> **Prompt**
Transcribe exactly the first line of the listing below and each line that follows it, ending with the line that contains "Antig&uuml;edades: Molinillo de", and omit the remainder.

> **Source information**
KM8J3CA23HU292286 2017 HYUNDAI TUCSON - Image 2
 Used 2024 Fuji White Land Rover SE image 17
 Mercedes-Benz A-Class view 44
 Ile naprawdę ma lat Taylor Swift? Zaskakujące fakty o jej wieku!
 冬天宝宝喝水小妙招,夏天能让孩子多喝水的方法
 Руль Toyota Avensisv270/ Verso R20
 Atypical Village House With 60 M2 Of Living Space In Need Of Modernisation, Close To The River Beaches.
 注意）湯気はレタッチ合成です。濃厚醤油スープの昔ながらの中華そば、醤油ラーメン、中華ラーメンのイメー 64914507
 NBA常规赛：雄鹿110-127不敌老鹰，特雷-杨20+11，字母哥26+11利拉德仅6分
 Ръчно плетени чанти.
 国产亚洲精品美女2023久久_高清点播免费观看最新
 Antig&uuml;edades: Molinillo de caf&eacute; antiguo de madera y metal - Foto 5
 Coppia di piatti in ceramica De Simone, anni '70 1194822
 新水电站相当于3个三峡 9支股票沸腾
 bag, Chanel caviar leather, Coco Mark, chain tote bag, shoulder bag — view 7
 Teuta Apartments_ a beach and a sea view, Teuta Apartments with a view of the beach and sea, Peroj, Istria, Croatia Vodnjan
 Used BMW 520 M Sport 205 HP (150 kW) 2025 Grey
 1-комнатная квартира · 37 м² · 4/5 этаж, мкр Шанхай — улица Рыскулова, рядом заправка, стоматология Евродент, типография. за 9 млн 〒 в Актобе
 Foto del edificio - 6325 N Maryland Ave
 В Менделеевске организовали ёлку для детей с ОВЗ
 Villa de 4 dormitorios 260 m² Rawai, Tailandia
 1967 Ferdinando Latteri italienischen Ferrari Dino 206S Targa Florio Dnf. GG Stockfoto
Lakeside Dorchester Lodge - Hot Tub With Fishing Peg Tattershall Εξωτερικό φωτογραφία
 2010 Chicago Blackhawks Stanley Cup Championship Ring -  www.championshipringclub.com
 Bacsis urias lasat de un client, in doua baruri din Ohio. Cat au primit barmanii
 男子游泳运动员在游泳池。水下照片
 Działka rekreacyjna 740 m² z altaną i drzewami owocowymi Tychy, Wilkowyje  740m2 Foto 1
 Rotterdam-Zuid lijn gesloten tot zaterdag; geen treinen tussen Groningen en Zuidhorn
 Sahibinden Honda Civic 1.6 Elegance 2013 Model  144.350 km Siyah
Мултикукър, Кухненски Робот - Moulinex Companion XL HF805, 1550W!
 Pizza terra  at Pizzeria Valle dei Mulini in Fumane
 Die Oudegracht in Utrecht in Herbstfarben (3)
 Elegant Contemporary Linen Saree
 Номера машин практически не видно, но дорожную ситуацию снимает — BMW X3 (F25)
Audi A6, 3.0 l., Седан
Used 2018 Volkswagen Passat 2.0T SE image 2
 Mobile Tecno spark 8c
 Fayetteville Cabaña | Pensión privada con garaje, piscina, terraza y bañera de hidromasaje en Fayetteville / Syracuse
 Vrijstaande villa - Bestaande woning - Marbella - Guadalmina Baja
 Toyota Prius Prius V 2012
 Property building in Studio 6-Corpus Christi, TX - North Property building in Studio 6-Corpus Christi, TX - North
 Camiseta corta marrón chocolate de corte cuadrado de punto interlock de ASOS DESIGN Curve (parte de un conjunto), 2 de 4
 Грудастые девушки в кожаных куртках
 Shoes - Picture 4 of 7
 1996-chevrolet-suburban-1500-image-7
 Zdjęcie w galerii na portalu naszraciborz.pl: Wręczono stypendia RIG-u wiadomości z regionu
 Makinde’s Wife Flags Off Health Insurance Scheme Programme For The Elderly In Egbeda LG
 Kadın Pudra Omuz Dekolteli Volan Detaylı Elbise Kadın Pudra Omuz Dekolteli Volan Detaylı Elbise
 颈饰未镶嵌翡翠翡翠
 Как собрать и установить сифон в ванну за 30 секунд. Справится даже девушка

> **Response to this task**
KM8J3CA23HU292286 2017 HYUNDAI TUCSON - Image 2
 Used 2024 Fuji White Land Rover SE image 17
 Mercedes-Benz A-Class view 44
 Ile naprawdę ma lat Taylor Swift? Zaskakujące fakty o jej wieku!
 冬天宝宝喝水小妙招,夏天能让孩子多喝水的方法
 Руль Toyota Avensisv270/ Verso R20
 Atypical Village House With 60 M2 Of Living Space In Need Of Modernisation, Close To The River Beaches.
 注意）湯気はレタッチ合成です。濃厚醤油スープの昔ながらの中華そば、醤油ラーメン、中華ラーメンのイメー 64914507
 NBA常规赛：雄鹿110-127不敌老鹰，特雷-杨20+11，字母哥26+11利拉德仅6分
 Ръчно плетени чанти.
 国产亚洲精品美女2023久久_高清点播免费观看最新
 Antig&uuml;edades: Molinillo de caf&eacute; antiguo de madera y metal - Foto 5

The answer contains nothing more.